Strange to think that the Arab Spring helped function as a trigger for white nationalist marches in this country.
> In 1996, during a summit meeting in Moscow, Clinton went for an early-morning run with Talbott in the Sparrow Hills, near Moscow State University. Clinton had known Talbott since they were students at Oxford, and confided his anxiety. He did not regret the expansion of NATO or the decision, at last, to battle Serbian forces in Bosnia. But he knew that he was making Yeltsin’s political life excruciatingly difficult.

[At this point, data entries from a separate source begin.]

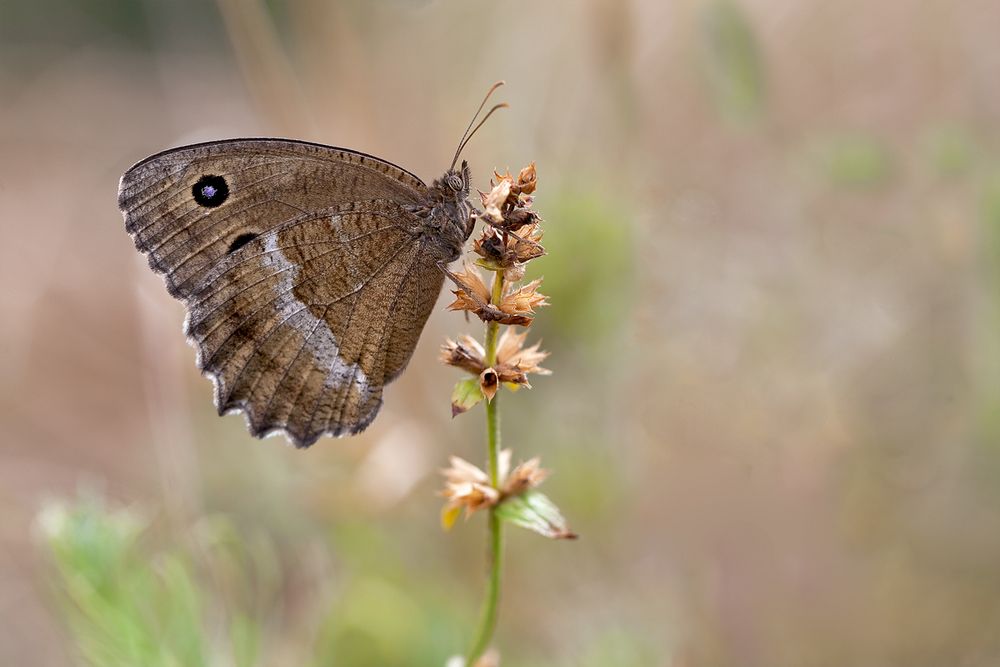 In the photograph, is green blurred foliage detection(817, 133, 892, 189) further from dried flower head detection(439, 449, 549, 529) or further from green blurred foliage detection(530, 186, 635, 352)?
dried flower head detection(439, 449, 549, 529)

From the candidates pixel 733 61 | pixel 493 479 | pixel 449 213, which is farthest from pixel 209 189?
pixel 733 61

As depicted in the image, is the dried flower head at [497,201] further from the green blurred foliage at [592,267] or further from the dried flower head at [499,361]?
the green blurred foliage at [592,267]

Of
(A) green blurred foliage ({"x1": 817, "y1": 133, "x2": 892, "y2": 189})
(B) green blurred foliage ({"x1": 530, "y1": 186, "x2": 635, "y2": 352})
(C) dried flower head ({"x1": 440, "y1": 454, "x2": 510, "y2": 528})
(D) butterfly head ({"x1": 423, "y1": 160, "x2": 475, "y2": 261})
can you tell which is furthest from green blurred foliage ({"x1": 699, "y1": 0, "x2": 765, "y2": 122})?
(C) dried flower head ({"x1": 440, "y1": 454, "x2": 510, "y2": 528})

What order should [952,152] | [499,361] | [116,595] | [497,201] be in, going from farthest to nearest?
1. [952,152]
2. [116,595]
3. [499,361]
4. [497,201]

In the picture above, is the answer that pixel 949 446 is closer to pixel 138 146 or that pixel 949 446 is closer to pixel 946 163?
pixel 946 163

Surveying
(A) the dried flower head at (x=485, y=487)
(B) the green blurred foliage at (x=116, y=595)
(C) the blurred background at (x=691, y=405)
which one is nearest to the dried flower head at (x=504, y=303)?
(A) the dried flower head at (x=485, y=487)

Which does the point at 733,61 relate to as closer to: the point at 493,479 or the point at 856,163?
the point at 856,163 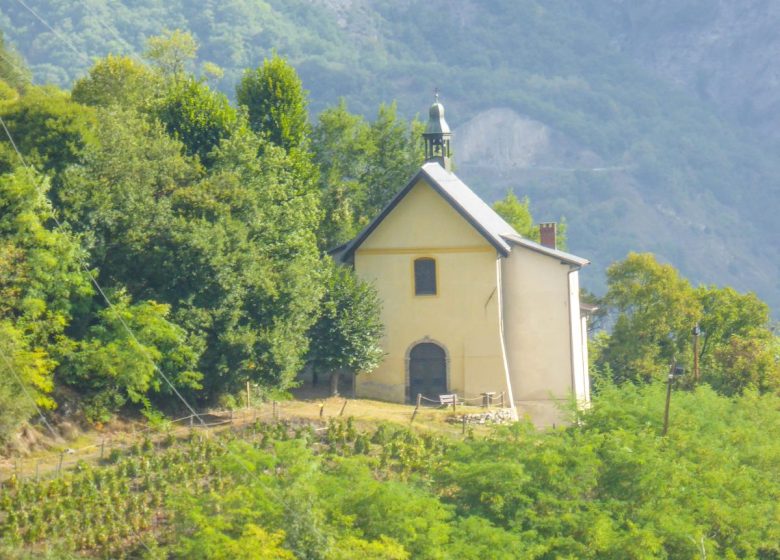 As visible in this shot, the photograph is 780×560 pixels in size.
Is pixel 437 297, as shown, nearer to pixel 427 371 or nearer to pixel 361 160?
pixel 427 371

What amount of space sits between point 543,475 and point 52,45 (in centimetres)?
14751

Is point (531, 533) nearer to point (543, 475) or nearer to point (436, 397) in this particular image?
point (543, 475)

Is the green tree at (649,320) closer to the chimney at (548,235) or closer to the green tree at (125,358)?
the chimney at (548,235)

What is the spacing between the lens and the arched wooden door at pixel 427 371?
2324 inches

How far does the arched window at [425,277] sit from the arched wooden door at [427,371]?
201 cm

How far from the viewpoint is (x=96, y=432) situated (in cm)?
4397

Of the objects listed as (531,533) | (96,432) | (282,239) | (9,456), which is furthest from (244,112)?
(531,533)

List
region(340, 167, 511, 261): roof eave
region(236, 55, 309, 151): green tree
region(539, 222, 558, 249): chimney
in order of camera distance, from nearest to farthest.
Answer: region(340, 167, 511, 261): roof eave < region(236, 55, 309, 151): green tree < region(539, 222, 558, 249): chimney

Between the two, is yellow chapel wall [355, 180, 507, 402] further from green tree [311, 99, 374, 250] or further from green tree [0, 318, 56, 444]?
green tree [0, 318, 56, 444]

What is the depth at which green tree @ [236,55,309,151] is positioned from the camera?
62500 millimetres

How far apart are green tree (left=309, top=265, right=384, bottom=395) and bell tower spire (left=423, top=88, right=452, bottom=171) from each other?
34.1 ft

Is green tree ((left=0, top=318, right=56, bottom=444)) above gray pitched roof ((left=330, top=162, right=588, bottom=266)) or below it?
below

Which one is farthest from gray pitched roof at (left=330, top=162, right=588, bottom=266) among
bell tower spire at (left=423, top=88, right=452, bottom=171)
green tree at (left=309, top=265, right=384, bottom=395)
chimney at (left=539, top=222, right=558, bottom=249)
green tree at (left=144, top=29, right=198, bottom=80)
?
green tree at (left=144, top=29, right=198, bottom=80)

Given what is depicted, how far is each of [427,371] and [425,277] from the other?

> “We keep telling ol’ Boris, ‘O.K., now, here’s what you’ve got to do next—here’s some more shit for your face,’ ” Clinton told Talbott as they ran. “And that makes it real hard for him, given what he’s up against and who he’s dealing with.”
> Earlier that year, Yeltsin had summoned Talbott. “I don’t like it when the U.S. flaunts its superiority,” he told him. “Russia’s difficulties are only temporary, and not only because we have nuclear weapons but also because of our economy, our culture, our spiritual strength. All that amounts to a legitimate, undeniable basis for equal treatment. Russia will rise again! I repeat: Russia will rise again.”
In any case, it's not the accuracy of the prediction that matters here. It's the motivation.
>In 2008,[...] Russian hackers accomplished a feat that Pentagon officials considered almost impossible: breaching a classified network that wasn’t even connected to the public Internet. Apparently, Russian spies had supplied cheap thumb drives, stocked with viruses, to retail kiosks near nato headquarters in Kabul, betting, correctly, that a U.S. serviceman or woman would buy one and insert it into a secure computer.
Also ethnic Russian domination might be a bit difficult because in Russia itself there are many different ethnic groups [1] that wouldn't approve this idea.
[1] https://en.wikipedia.org/wiki/Ethnic_groups_in_Russia
So, yes. They have a plan.
And by the way, remember that the US and its allies invaded Russia at the end of WWII, after the Tzar was deposed. So it's not at all surprising that Stalin initially allied Russia with Germany.